Davide Tosi terzino sinistro, Paolo Maldini centrale. Non è fantasia, solo il racconto di un pomeriggio come tanti per uno e indimenticabile per l’altro. Anno 1984, l’attuale team manager del Caldiero, allora giovane promessa dell’Audace, parte da Verona direzione Parma insieme ai compagni Alberti e Redi. Li aspetta un provino col Milan, con cui la grande Audace aveva all’epoca una corsia preferenziale.
La stessa che sarebbe servita loro per evitare il traffico di quel giorno: i tre arrivano in ritardo e perdono tutto il primo tempo della gara fra gli Allievi del Milan e della Juventus. A bordocampo i supervisori Fabio Capello e Francesco Zagatti. E Iro Di Brino, storico presidente dell’Audace. Davide va in campo dopo l’intervallo, fa il suo con personalità e inizia a chiedersi chi sia quel ragazzo vicino a lui che non fa passare una mosca, gioca da fenomeno e corre veloce come un centometrista. «Non capii nulla quando mi diedero la maglia del Milan», ricorda Tosi. «Solo alla fine, dopo la doccia, mi dissero che quello era Paolo Maldini.
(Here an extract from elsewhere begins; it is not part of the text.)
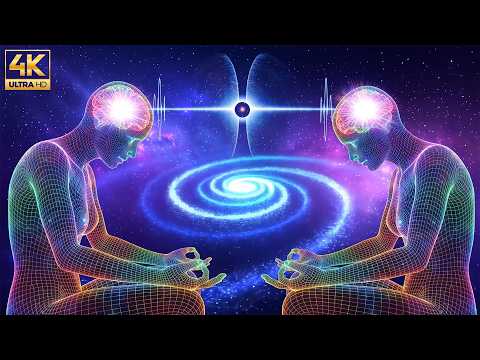 432Hz + 528Hz + 741Hz | The DEEPEST Healing Sleep: Whole Body Regeneration, Relieve Stress #23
E pensare che Di Brino dopo quella gara mi rassicurò, dicendomi che il Milan mi avrebbe preso. Non andò proprio così, ma conserverò fra le mie pagine più belle l’emozione di quel giorno e le immagini a Novantesimo Minuto di Maldini che debutta a Udine due anni dopo».
Il resto della storia è noto. Maldini da allora vince sette scudetti, cinque volte la Supercoppa Italiana e la Coppa dei Campioni, due volte l’Intercontinentale, una volta il Mondiale per Club con 647 presenze in Serie A e 174 nelle competizioni Uefa. Tosi invece, dopo gli esordi all’Atletico Borgo Trieste, con l’Audace è promosso in Prima categoria (allenatore Giarola) proprio mentre Maldini gioca la prima in A.
Ma il lavoro obbliga Tosi, dopo la leva, a prendersi meno impegni e a scegliere il calcio degli Amatori e del Bar Lucio dove, davanti a una birra, si sarà visto tutti i successi di Maldini, suo vecchio compagno di squadra. Anche se solo per tre quarti d’ora.